Desperate times may call for cash conservation, and General Electric, for one, is signaling that this is perhaps its biggest priority at the moment.
The conglomerate, which Friday reported earnings in line with its earlier pre-announcement, said it is keeping its quarterly dividend at $0.31 through the end of 2009, ending 32 years of annual increases.
It also suspended its buyback program and pledged to curb long- and short-term borrowing by its finance unit, The Wall Street Journal reported.
GE is putting on hold plans to sell $10 billion in long-term debt in the fourth quarter, and will reduce sales of short-term commercial paper to less than 15 percent of the finance unit’s debt, according to the Journal, which pointed out that GE has been the largest issuer of commercial paper, with about $90 billion in the market.

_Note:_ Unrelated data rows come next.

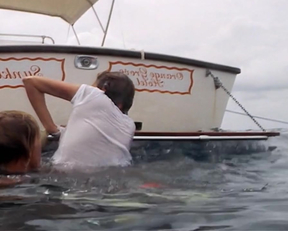 Jacqueline Bisset sexy - The Deep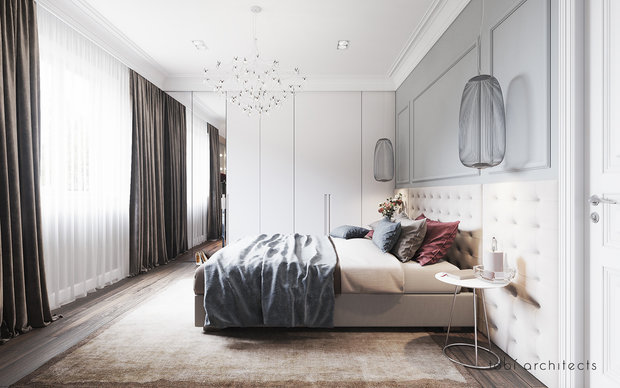 Фото из портфолио CHERRY MOOD – фотографии дизайна интерьеров на INMYROOM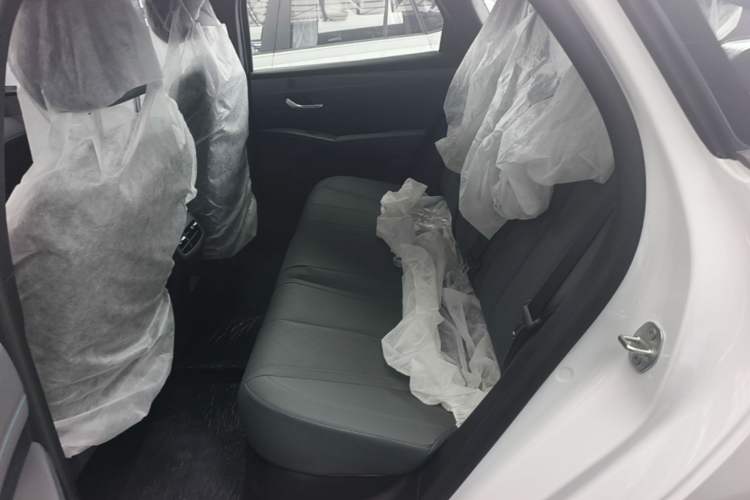 Used BYD Qin PLUS  Left Rear Seat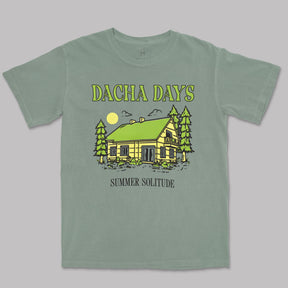 Dacha Days Vintage T-Shirt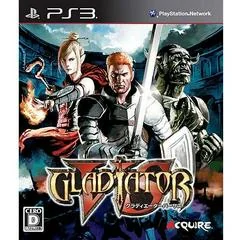 Gladiator VS - Playstation 3 - Retrocharting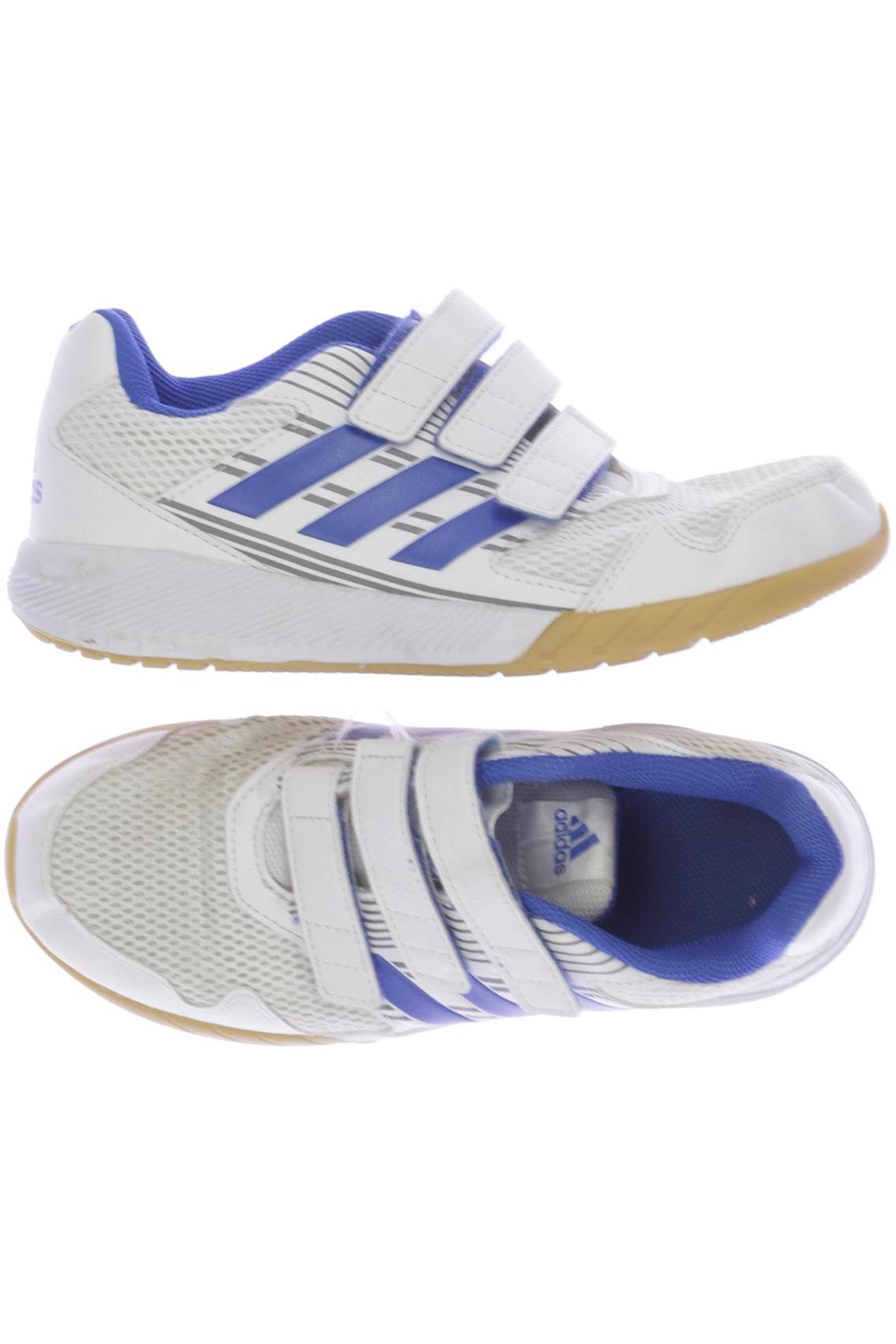 

adidas Mädchen Kinderschuhe, weiß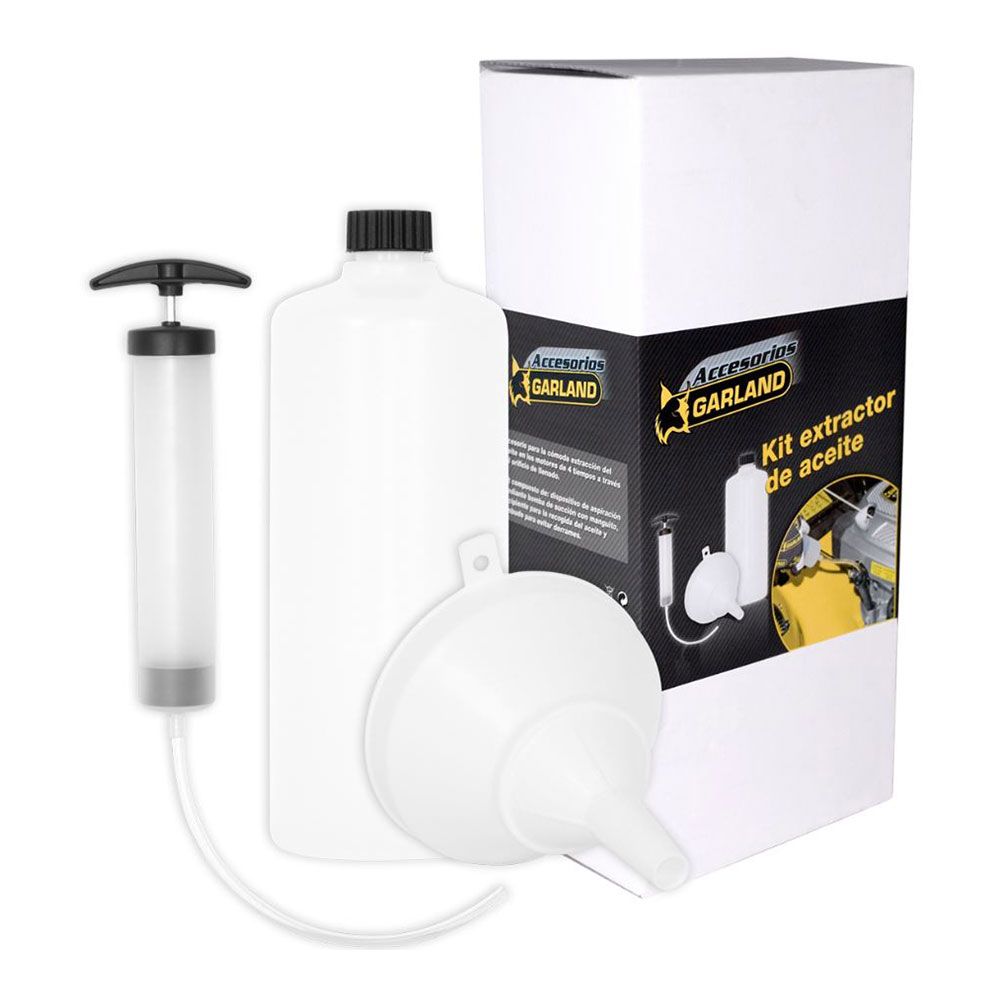 KIT extração de óleo 7199000020 garland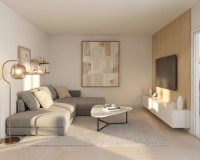 New Build - Detached - Camposol Golf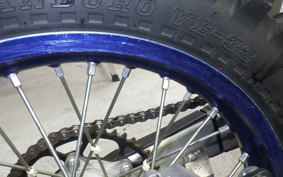 YAMAHA YZ125X 2025 CE29C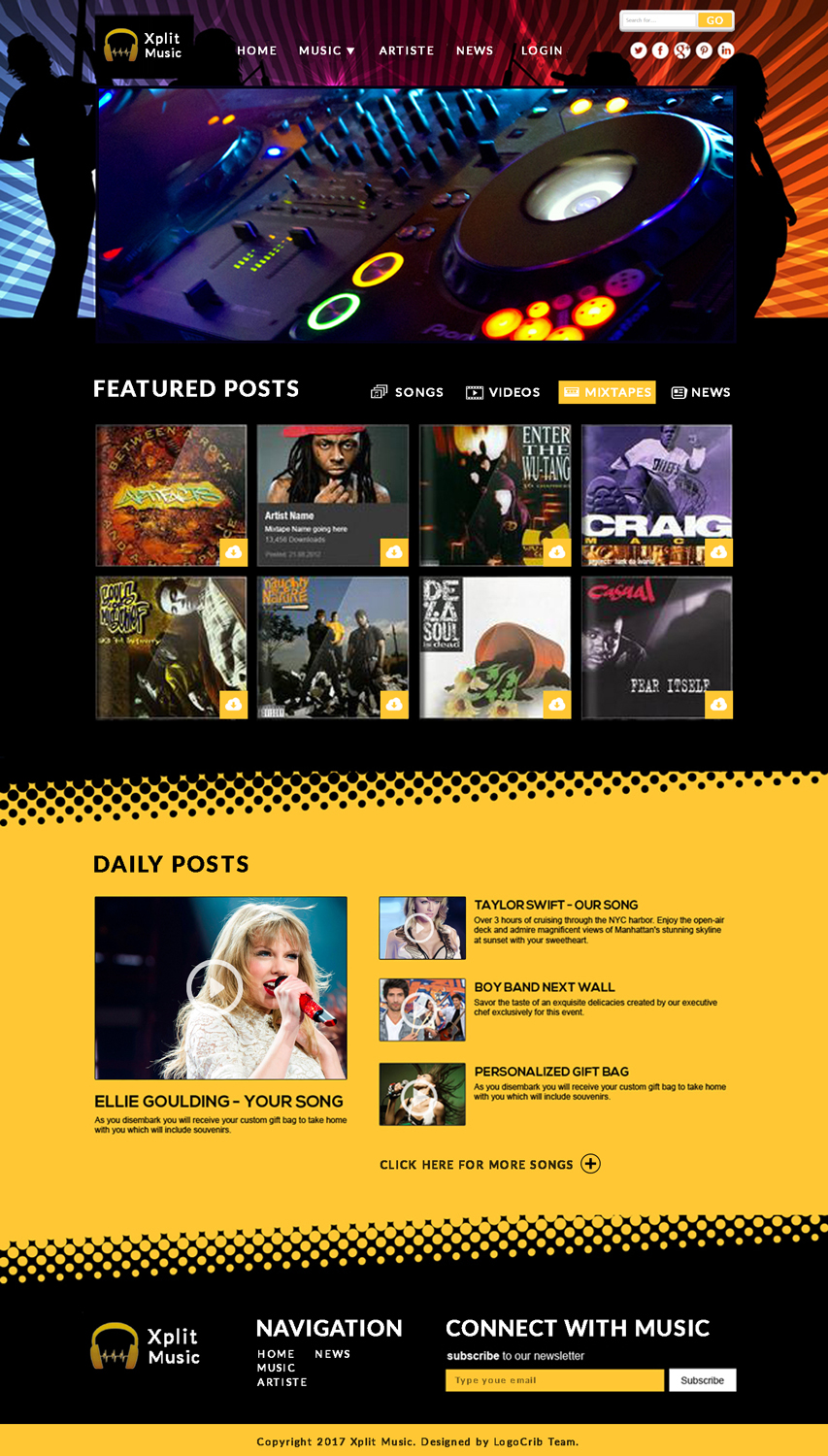 Web Design by bdesigner9 for this project | Design #13581091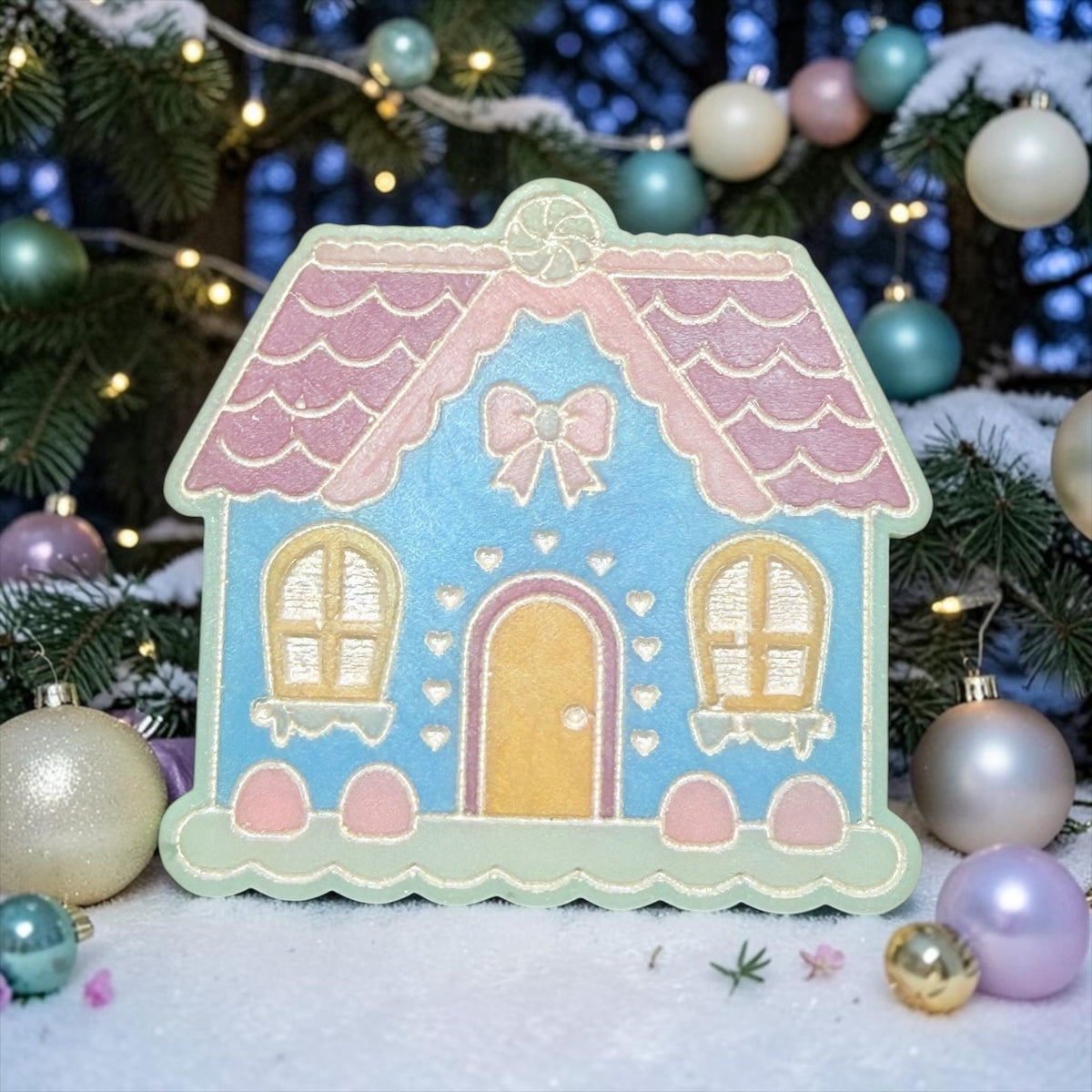 Shimmering Star - Cabin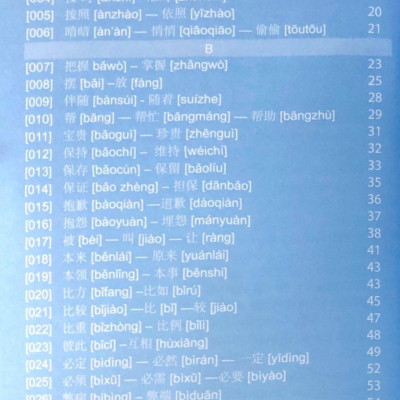 Sách - Học Tiếng Hoa Dùng Từ Không Sợ Sai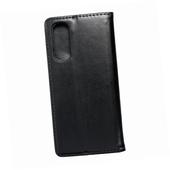 Etui zamykane z klapk� i magnesem Smart Magnetic czarny do Realme 7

“GE has taken proactive steps to reduce leverage and improve liquidity, consistent with being one of six Triple-A-rated industrial companies in the U.S.,” said GE chairman and CEO Jeff Immelt. “We have raised $15 billion of committed capital that makes the company more secure in the short term, but could be used to play offense in the long term.”
Immelt also noted that its financial services business generated $2 billion of earnings, consistent with its revised expectations, making it one of the soundest financial firms in the country. “While GE Capital is not immune from the current environment, we continued to outperform our financial services peers,” Immelt stated. “We are improving our margins and focusing these businesses on the right products and markets.”
Indeed, Immelt said GE Capital is on track to earn over $9 billion for the year.
Earlier this month, GE sold $12 billion of its common shares. In addition, it sold Warren Buffett’s Berkshire Hathaway $3 billion of perpetual preferred stock and warrants to buy $3 billion of common stock with a strike price of $22.25 per share. The preferred shares carry a whopping 10 percent coupon.